OracleのSQLトレース機能を利用すると,データベースで実行されたそれぞれのSQL文について,(1)解析,実行,取り出しの回数,(2)CPU処理時間や経過時間,(3)物理的な読み込みと論理的な読み込みのブロック数,(4)処理したレコード数などが調べられます。

 トレースを取得する方法は,主に2通りあります。一つは現行セッションのトレースを取る方法,もう一つはデータベース・インスタンス全体のトレースを取る方法です。

表1●トレースをとるために設定が必要なinit.oraのパラメータ
 前者は,“ALTER SESSION SET sql_trace = true”というSQL文を実行すればトレースを開始できます。“… = false”と入力するか,セッションを切断するとトレースを中止します。

 後者は,init.oraでsql_trace=trueと設定するのですが,データベース全体でトレースをとるため,パフォーマンスに悪影響を及ぼします。稼働中のシステムなどでALTER SESSIONが発行できない場合以外は,前者を使うのが良いでしょう。

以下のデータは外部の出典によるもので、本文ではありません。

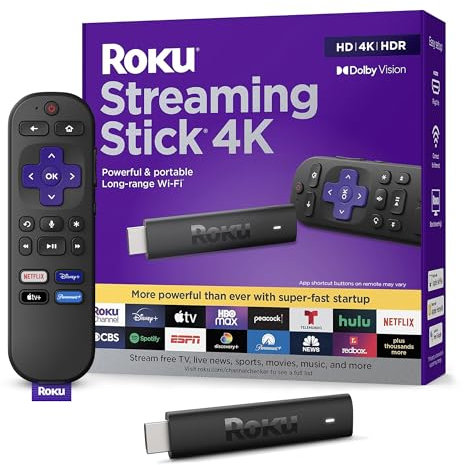 Roku Streaming Stick 4K 2021 | Dispositivo de transmisión 4K/HDR/Dolby Vision con control remoto de voz Roku y controles de TV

 また,いずれの場合も事前にinit.oraの設定が必要です(表1[拡大表示])。デフォルト設定のままでも構いませんが,timed_statisticsを有効(true)にしないとCPU時間や経過時間などが計測できません。ただ,有効にするとデータベースの負荷も増えるので,SQLトレースのときだけ有効にします。

 トレースを実行すると,統計情報はinit.oraのuser_dump_destで指定したディレクトリにトレース・ファイル(.trc)として蓄積されます。トレース・ファイルはそのままでも見られますが,読みづらいのでTKPROFユーティリティを使って見やすい形式に整形します。TKPROFはコマンド・ラインで“tkprof トレース・ファイル名 出力ファイル名 [SORT=パラメータ][PRINT=数値][EXPLAIN=ユーザー名/パスワード]”といった形式で実行します。

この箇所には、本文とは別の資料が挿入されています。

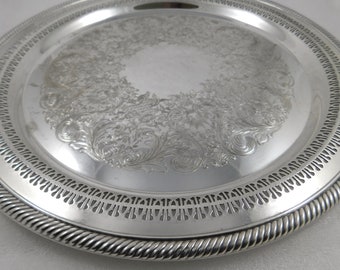 Bandeja de plata coleccionable vintage para servir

 主に利用するオプションはSORTとEXPLAINです。SORTは経過時間など特定の項目に関して,統計情報を降順(悪い順)にソートした結果を出力します。EXPLAINはSQL文の実行計画を出力するオプションです。

図1●TKPROFで整形した出力ファイルの例(一部を抜粋)
 TKPROFを出力した結果は,図1[拡大表示]のようになります。実行したSQL文に関して,解析(Parse),実行(Execute),取り出し(Fetch)の各フェーズの統計情報,実行計画などを確認できます。ユーザー・アプリケーションにより,結果の見方や注意すべき点は異なりますが,最低でも以下の点はチェックしておきましょう。

 まず,表形式の統計情報を見ると,Fetchするために読み込んだブロック数が分かります。(query[Fetch]+ current[Fetch])/rows[Fetch]の値を計算すれば,SELECT文で取り出した結果の1行あたりの読み込みブロック数が分かります。1行の取り出しに対して数百ブロックも読み込まれている場合はインデックスが効率的に使用されていない可能性があります。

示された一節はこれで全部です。